International Nobel laureates are calling on European and US authorities to step in and take hands-on initiatives, such as releasing funds for research and education, which will contribute to Greece’s recovery and return to development.
Stressing Greece’s role as the birthplace of democracy and human ideals, 15 Nobel Prize winners as well as distinguished academics headed by Dr Harald zur Hausen are urging European and American decision-makers in a petition to take action now.
In the petition, the prominent intellectuals have also counterposed media stereotypes of “lazy Greeks” by referring to “the excellent human potential” working in country’s universities and research centers”, and adding that “Greeks are hard workers, innovative and creative”.
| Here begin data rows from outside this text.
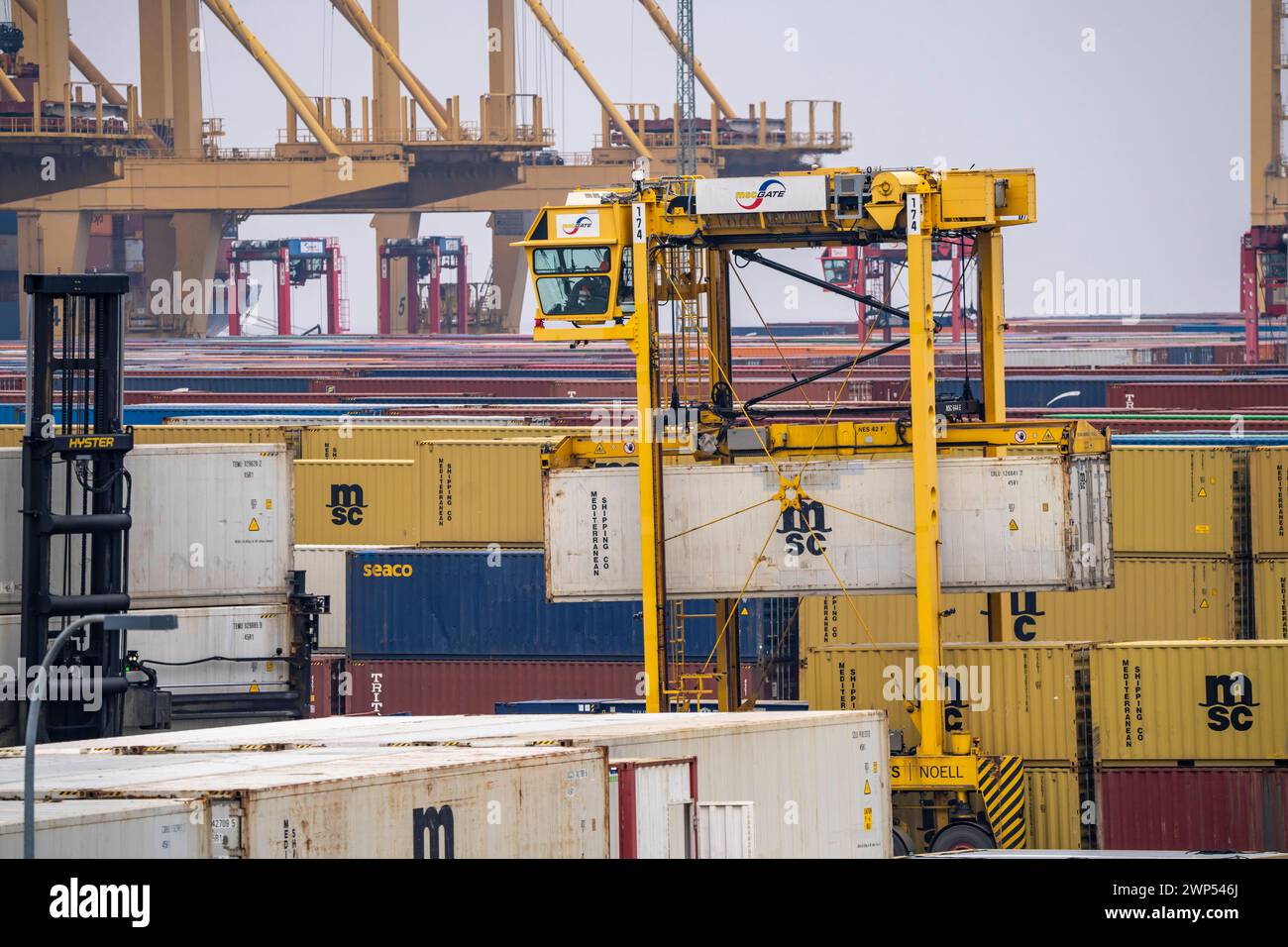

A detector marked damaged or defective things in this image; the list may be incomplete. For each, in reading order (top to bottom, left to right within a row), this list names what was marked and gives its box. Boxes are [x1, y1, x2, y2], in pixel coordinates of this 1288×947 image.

rusty container panel [292, 459, 417, 541]
rusty container panel [419, 438, 546, 543]
rusty container panel [1113, 451, 1231, 559]
rusty container panel [1246, 451, 1288, 556]
rusty container panel [1256, 559, 1288, 641]
rusty container panel [799, 641, 1082, 768]
rusty container panel [1092, 641, 1288, 768]
rusty container panel [1097, 768, 1288, 855]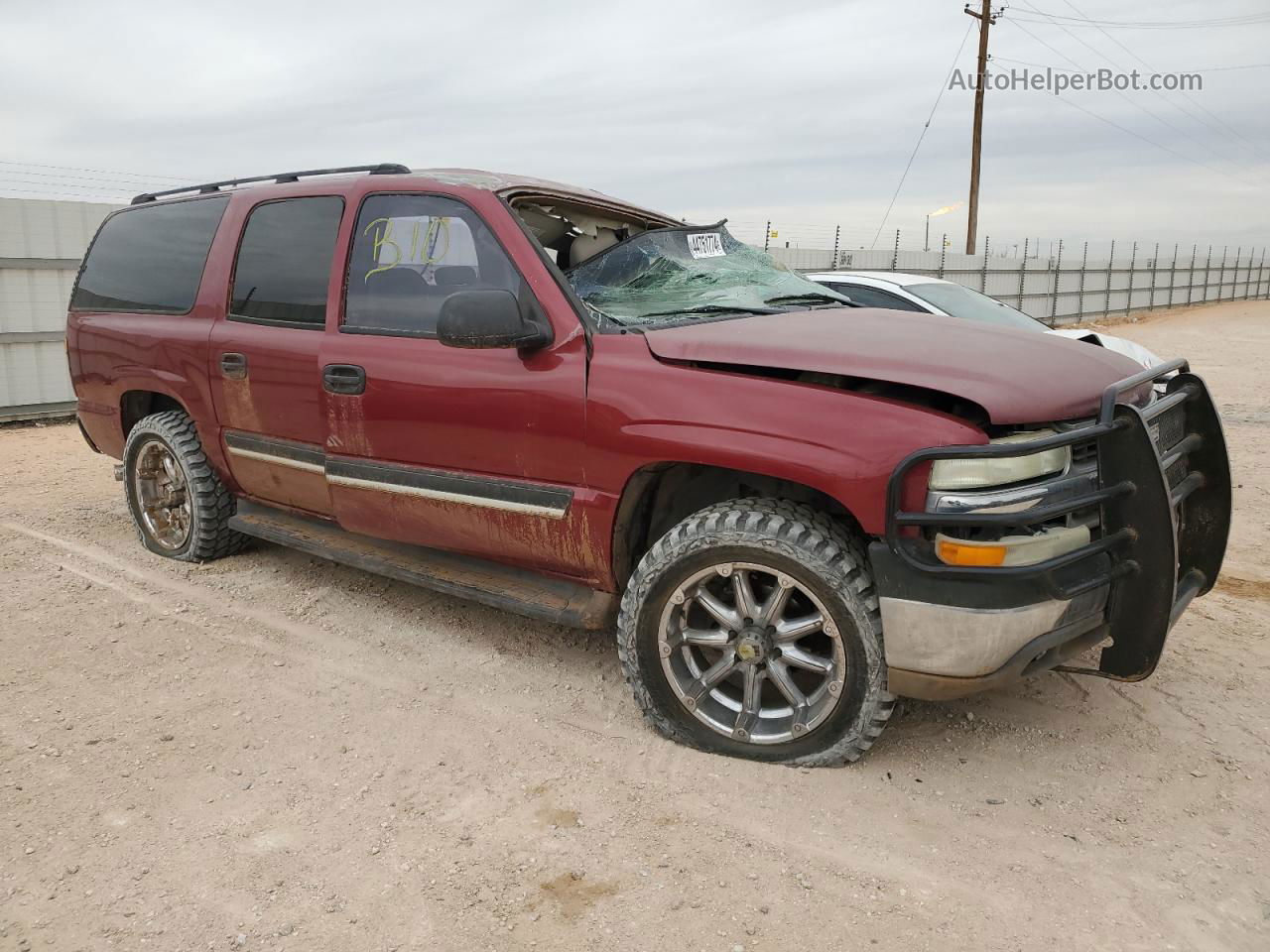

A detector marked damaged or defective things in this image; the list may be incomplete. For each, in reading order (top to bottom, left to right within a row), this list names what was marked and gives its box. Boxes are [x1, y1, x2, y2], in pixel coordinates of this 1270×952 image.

“Greece is in the midst of a prolonged and deep economic recession that has already changed dramatically the lives of its citizens and threatens the very existence of its structures necessary for future recovery. To regain its forward momentum, keep alive its competitive institutions, and implement its huge reform agenda, Greece needs our help. We are confident that Greece, which has contributed enormously to European culture, can do what is called for to create a brighter future,” states Dr zur Hausen, who received the Nobel in Physiology or Medicine in 2008.
“To succeed in this difficult task, special emphasis should be given among other things to science and technology, areas in which Greece possesses particularly strong institutions and human potential. By utilizing existing structural funds, and by promoting close cooperation between major European science and technology centres and existing Greek clusters of excellence, Greece can be enabled to sustain its scientific structures, build up its own technological future, and secure a competitive economy in the long run.”
The petition is addressed to European Council President Donald Tusk, European Commission President Jean-Claude Juncker, the head of the European Parliament, Martin Schulz, and an accompanying letter has been sent to Greece’s Alternate Minister for Research and Innovation, Costas Fotakis.